**Task brief**
Once you find the line with "Let's learn about" in the data below, transcribe exactly each line from there to the line with "You can also", inclusive, and nothing else. Drop the pictures.

**Records for the exercise**
--------------------------------------------------

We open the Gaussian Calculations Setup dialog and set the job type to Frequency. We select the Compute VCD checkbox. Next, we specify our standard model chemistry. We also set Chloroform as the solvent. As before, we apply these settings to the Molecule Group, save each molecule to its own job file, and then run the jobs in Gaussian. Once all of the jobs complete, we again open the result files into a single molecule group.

--------------------------------------------------

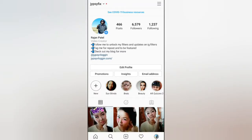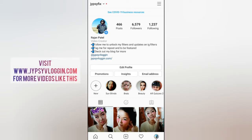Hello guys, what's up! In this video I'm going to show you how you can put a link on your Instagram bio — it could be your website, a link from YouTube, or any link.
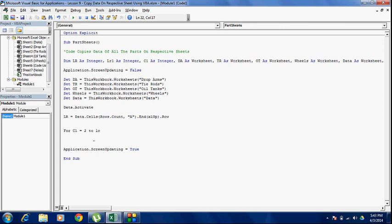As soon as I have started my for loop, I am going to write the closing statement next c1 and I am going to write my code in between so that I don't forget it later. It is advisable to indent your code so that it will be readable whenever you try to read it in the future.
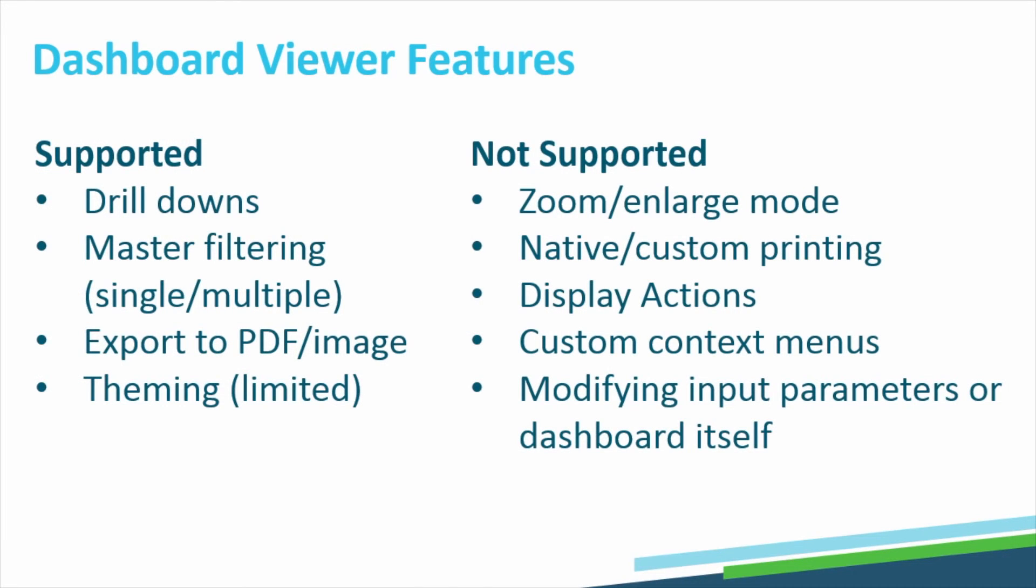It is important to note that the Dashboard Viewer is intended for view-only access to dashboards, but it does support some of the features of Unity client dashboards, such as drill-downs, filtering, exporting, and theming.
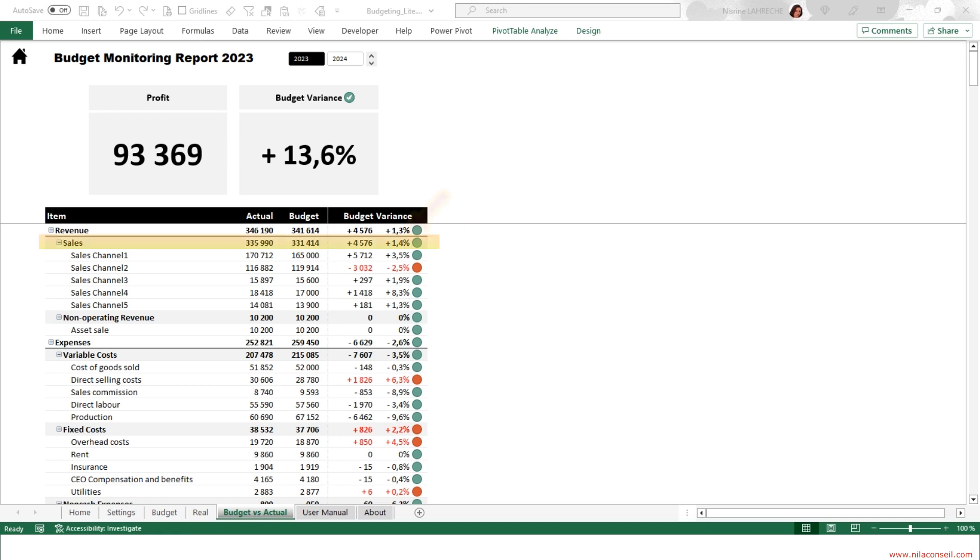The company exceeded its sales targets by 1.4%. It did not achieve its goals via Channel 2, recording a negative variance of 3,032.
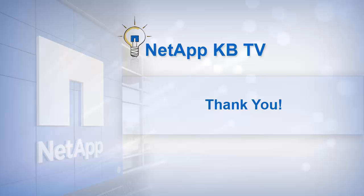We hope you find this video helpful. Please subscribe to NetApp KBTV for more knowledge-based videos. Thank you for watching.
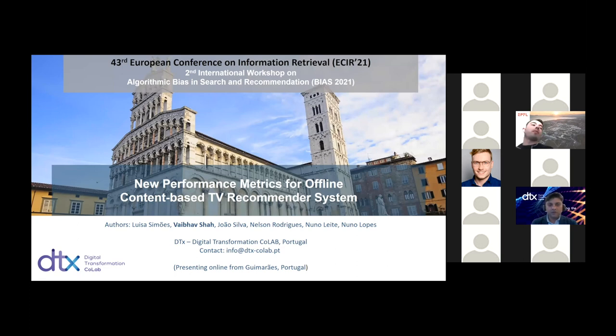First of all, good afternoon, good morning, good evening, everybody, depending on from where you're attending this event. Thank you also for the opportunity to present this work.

--------------------------------------------------

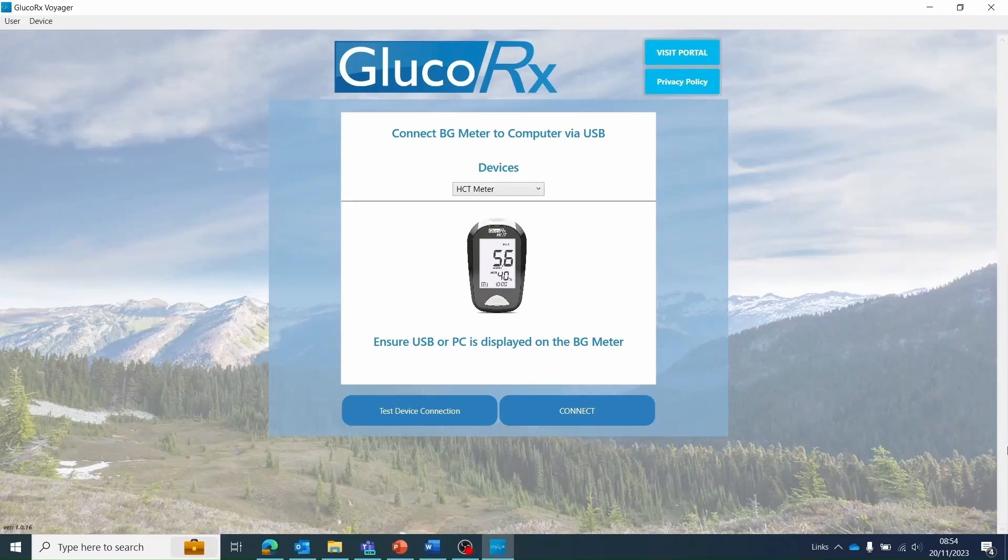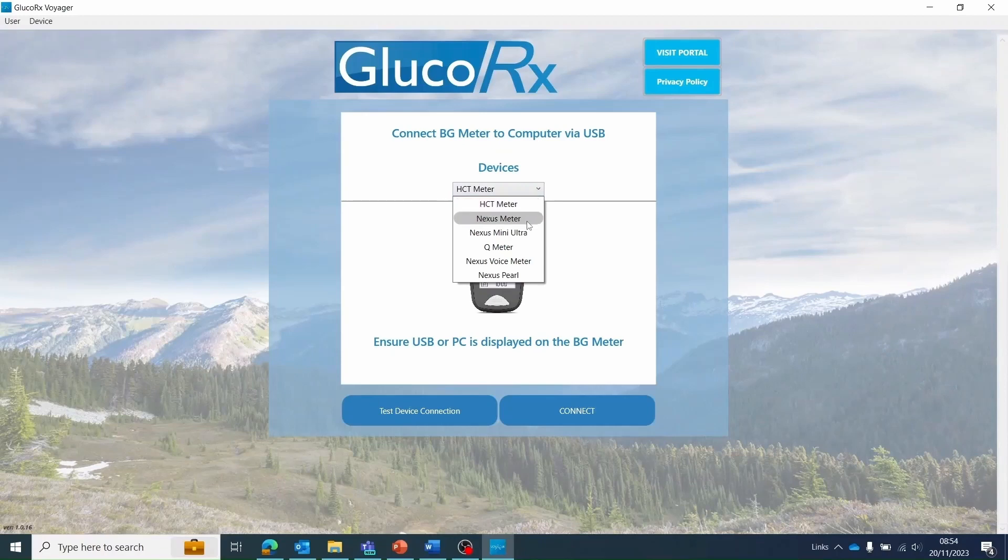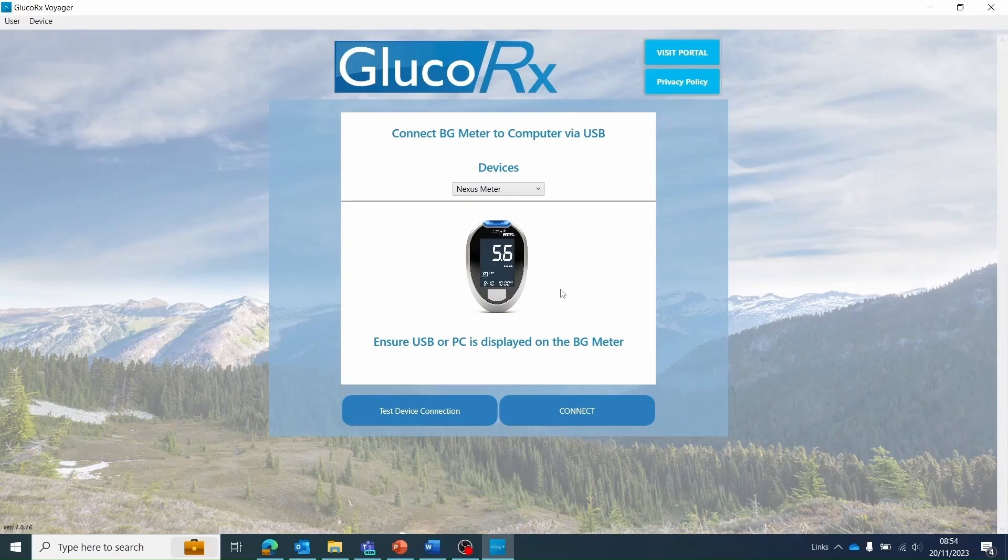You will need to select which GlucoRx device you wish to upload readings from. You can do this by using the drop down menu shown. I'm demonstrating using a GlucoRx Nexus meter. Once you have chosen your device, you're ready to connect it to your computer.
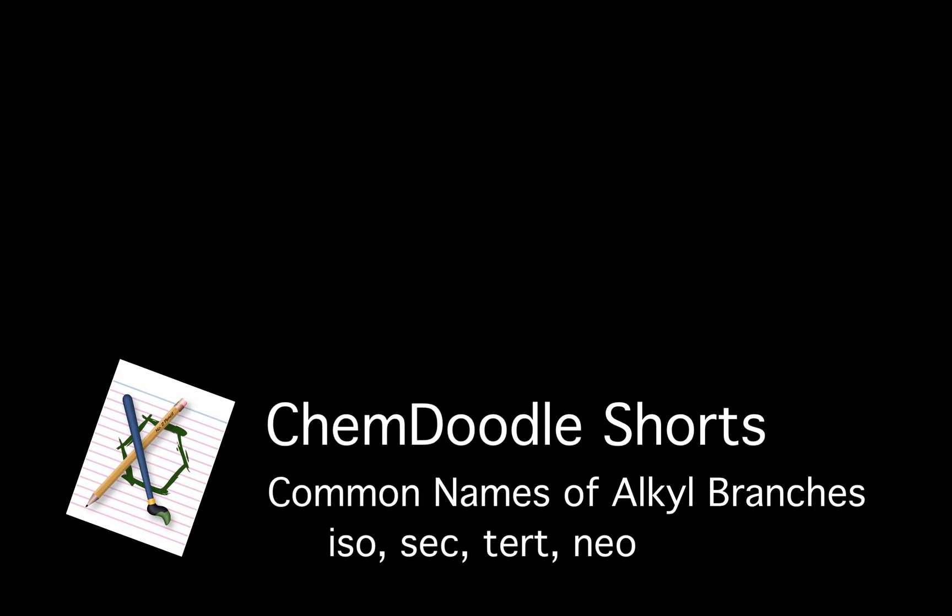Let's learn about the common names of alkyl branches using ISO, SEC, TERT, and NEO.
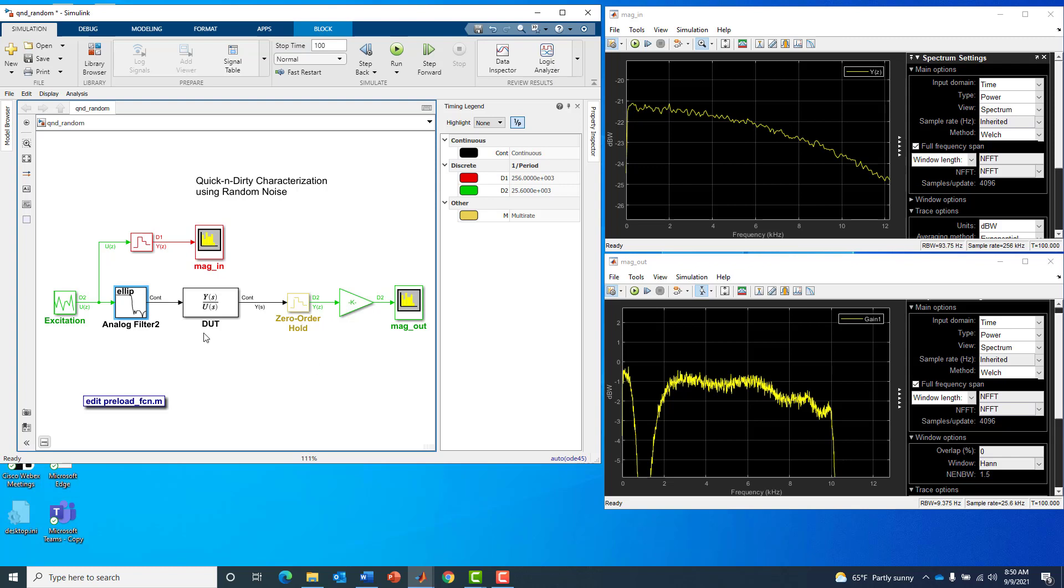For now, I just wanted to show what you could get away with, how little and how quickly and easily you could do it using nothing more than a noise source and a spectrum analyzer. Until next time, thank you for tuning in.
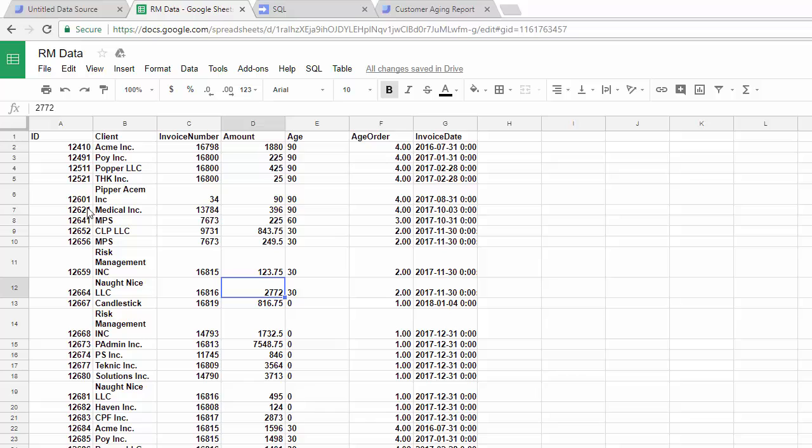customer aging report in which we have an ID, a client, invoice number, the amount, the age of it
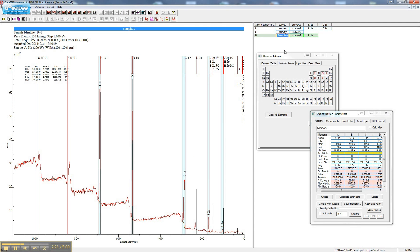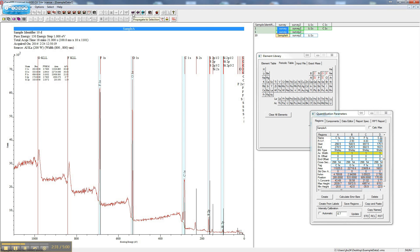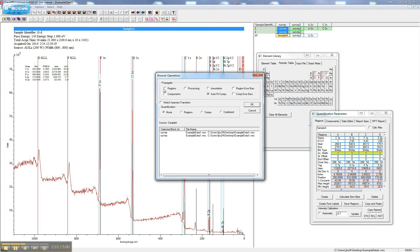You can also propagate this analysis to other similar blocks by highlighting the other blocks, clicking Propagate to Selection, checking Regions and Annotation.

--------------------------------------------------

**Expected answer**
Let's learn about the common names of alkyl branches using ISO, SEC, TERT, and NEO.
For now, I just wanted to show what you could get away with, how little and how quickly and easily you could do it using nothing more than a noise source and a spectrum analyzer. Until next time, thank you for tuning in.
customer aging report in which we have an ID, a client, invoice number, the amount, the age of it
You can also propagate this analysis to other similar blocks by highlighting the other blocks, clicking Propagate to Selection, checking Regions and Annotation.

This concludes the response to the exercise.